START RECORDS PROVIDED

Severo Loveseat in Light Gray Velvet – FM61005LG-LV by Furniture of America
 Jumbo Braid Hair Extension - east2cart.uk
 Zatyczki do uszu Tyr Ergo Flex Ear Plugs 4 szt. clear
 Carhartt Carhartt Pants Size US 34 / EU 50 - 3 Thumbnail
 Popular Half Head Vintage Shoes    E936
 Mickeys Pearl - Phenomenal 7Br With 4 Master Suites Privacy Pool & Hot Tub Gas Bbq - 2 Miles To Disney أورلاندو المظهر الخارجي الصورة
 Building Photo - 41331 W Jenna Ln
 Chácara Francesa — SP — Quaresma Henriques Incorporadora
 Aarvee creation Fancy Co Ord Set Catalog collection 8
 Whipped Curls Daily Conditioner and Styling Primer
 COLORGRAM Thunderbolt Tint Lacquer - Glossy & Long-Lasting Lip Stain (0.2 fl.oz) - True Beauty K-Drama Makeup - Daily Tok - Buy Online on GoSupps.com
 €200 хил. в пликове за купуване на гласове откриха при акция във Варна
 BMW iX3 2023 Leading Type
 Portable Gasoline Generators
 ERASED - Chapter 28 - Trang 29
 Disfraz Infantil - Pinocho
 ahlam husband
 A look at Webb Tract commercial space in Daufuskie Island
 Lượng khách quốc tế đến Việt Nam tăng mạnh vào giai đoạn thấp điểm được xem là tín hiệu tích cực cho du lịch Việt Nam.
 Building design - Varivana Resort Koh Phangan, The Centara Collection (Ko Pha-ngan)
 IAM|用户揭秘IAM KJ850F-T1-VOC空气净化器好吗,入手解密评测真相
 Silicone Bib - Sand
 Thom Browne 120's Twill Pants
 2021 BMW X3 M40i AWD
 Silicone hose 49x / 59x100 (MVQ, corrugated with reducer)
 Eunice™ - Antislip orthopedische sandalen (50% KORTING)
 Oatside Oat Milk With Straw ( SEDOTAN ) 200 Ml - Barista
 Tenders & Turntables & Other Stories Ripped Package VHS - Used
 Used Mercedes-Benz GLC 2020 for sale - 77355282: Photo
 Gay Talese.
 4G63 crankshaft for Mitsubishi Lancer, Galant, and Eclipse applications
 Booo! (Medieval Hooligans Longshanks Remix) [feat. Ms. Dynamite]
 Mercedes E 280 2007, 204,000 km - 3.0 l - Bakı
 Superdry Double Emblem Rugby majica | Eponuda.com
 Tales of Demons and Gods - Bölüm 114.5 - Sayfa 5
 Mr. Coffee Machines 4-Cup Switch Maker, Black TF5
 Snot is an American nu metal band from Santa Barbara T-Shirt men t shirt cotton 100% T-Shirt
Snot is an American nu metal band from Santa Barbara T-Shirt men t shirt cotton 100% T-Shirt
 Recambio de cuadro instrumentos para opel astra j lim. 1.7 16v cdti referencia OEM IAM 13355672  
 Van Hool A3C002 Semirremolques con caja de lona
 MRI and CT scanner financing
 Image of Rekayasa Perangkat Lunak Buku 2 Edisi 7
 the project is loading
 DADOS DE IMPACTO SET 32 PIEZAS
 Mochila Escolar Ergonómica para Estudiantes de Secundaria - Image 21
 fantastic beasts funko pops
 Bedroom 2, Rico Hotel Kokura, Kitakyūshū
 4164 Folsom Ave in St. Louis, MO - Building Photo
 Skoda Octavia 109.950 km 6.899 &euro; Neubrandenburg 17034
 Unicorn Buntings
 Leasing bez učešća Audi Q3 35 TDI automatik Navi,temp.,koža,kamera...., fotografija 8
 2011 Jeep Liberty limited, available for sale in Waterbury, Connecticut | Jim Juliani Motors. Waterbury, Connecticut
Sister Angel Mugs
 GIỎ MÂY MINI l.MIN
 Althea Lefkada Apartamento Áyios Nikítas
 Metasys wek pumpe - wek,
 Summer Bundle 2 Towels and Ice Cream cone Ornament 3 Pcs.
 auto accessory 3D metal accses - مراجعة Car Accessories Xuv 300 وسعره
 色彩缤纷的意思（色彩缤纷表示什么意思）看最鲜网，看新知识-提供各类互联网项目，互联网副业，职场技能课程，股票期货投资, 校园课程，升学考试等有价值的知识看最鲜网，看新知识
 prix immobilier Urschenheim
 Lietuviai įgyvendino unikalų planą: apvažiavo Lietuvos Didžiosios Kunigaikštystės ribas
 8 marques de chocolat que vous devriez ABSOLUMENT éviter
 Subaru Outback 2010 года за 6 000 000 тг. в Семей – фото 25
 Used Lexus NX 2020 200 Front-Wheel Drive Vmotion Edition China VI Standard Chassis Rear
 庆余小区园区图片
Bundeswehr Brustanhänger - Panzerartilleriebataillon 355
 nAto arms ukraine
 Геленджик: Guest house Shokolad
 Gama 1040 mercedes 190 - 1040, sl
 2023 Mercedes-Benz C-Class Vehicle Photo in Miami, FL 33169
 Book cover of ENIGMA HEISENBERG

END RECORDS PROVIDED

Return the whole of the data, character for character.

**OUTPUT BELOW:**
Severo Loveseat in Light Gray Velvet – FM61005LG-LV by Furniture of America
 Jumbo Braid Hair Extension - east2cart.uk
 Zatyczki do uszu Tyr Ergo Flex Ear Plugs 4 szt. clear
 Carhartt Carhartt Pants Size US 34 / EU 50 - 3 Thumbnail
 Popular Half Head Vintage Shoes    E936
 Mickeys Pearl - Phenomenal 7Br With 4 Master Suites Privacy Pool & Hot Tub Gas Bbq - 2 Miles To Disney أورلاندو المظهر الخارجي الصورة
 Building Photo - 41331 W Jenna Ln
 Chácara Francesa — SP — Quaresma Henriques Incorporadora
 Aarvee creation Fancy Co Ord Set Catalog collection 8
 Whipped Curls Daily Conditioner and Styling Primer
 COLORGRAM Thunderbolt Tint Lacquer - Glossy & Long-Lasting Lip Stain (0.2 fl.oz) - True Beauty K-Drama Makeup - Daily Tok - Buy Online on GoSupps.com
 €200 хил. в пликове за купуване на гласове откриха при акция във Варна
 BMW iX3 2023 Leading Type
 Portable Gasoline Generators
 ERASED - Chapter 28 - Trang 29
 Disfraz Infantil - Pinocho
 ahlam husband
 A look at Webb Tract commercial space in Daufuskie Island
 Lượng khách quốc tế đến Việt Nam tăng mạnh vào giai đoạn thấp điểm được xem là tín hiệu tích cực cho du lịch Việt Nam.
 Building design - Varivana Resort Koh Phangan, The Centara Collection (Ko Pha-ngan)
 IAM|用户揭秘IAM KJ850F-T1-VOC空气净化器好吗,入手解密评测真相
 Silicone Bib - Sand
 Thom Browne 120's Twill Pants
 2021 BMW X3 M40i AWD
 Silicone hose 49x / 59x100 (MVQ, corrugated with reducer)
 Eunice™ - Antislip orthopedische sandalen (50% KORTING)
 Oatside Oat Milk With Straw ( SEDOTAN ) 200 Ml - Barista
 Tenders & Turntables & Other Stories Ripped Package VHS - Used
 Used Mercedes-Benz GLC 2020 for sale - 77355282: Photo
 Gay Talese.
 4G63 crankshaft for Mitsubishi Lancer, Galant, and Eclipse applications
 Booo! (Medieval Hooligans Longshanks Remix) [feat. Ms. Dynamite]
 Mercedes E 280 2007, 204,000 km - 3.0 l - Bakı
 Superdry Double Emblem Rugby majica | Eponuda.com
 Tales of Demons and Gods - Bölüm 114.5 - Sayfa 5
 Mr. Coffee Machines 4-Cup Switch Maker, Black TF5
 Snot is an American nu metal band from Santa Barbara T-Shirt men t shirt cotton 100% T-Shirt
Snot is an American nu metal band from Santa Barbara T-Shirt men t shirt cotton 100% T-Shirt
 Recambio de cuadro instrumentos para opel astra j lim. 1.7 16v cdti referencia OEM IAM 13355672  
 Van Hool A3C002 Semirremolques con caja de lona
 MRI and CT scanner financing
 Image of Rekayasa Perangkat Lunak Buku 2 Edisi 7
 the project is loading
 DADOS DE IMPACTO SET 32 PIEZAS
 Mochila Escolar Ergonómica para Estudiantes de Secundaria - Image 21
 fantastic beasts funko pops
 Bedroom 2, Rico Hotel Kokura, Kitakyūshū
 4164 Folsom Ave in St. Louis, MO - Building Photo
 Skoda Octavia 109.950 km 6.899 &euro; Neubrandenburg 17034
 Unicorn Buntings
 Leasing bez učešća Audi Q3 35 TDI automatik Navi,temp.,koža,kamera...., fotografija 8
 2011 Jeep Liberty limited, available for sale in Waterbury, Connecticut | Jim Juliani Motors. Waterbury, Connecticut
Sister Angel Mugs
 GIỎ MÂY MINI l.MIN
 Althea Lefkada Apartamento Áyios Nikítas
 Metasys wek pumpe - wek,
 Summer Bundle 2 Towels and Ice Cream cone Ornament 3 Pcs.
 auto accessory 3D metal accses - مراجعة Car Accessories Xuv 300 وسعره
 色彩缤纷的意思（色彩缤纷表示什么意思）看最鲜网，看新知识-提供各类互联网项目，互联网副业，职场技能课程，股票期货投资, 校园课程，升学考试等有价值的知识看最鲜网，看新知识
 prix immobilier Urschenheim
 Lietuviai įgyvendino unikalų planą: apvažiavo Lietuvos Didžiosios Kunigaikštystės ribas
 8 marques de chocolat que vous devriez ABSOLUMENT éviter
 Subaru Outback 2010 года за 6 000 000 тг. в Семей – фото 25
 Used Lexus NX 2020 200 Front-Wheel Drive Vmotion Edition China VI Standard Chassis Rear
 庆余小区园区图片
Bundeswehr Brustanhänger - Panzerartilleriebataillon 355
 nAto arms ukraine
 Геленджик: Guest house Shokolad
 Gama 1040 mercedes 190 - 1040, sl
 2023 Mercedes-Benz C-Class Vehicle Photo in Miami, FL 33169
 Book cover of ENIGMA HEISENBERG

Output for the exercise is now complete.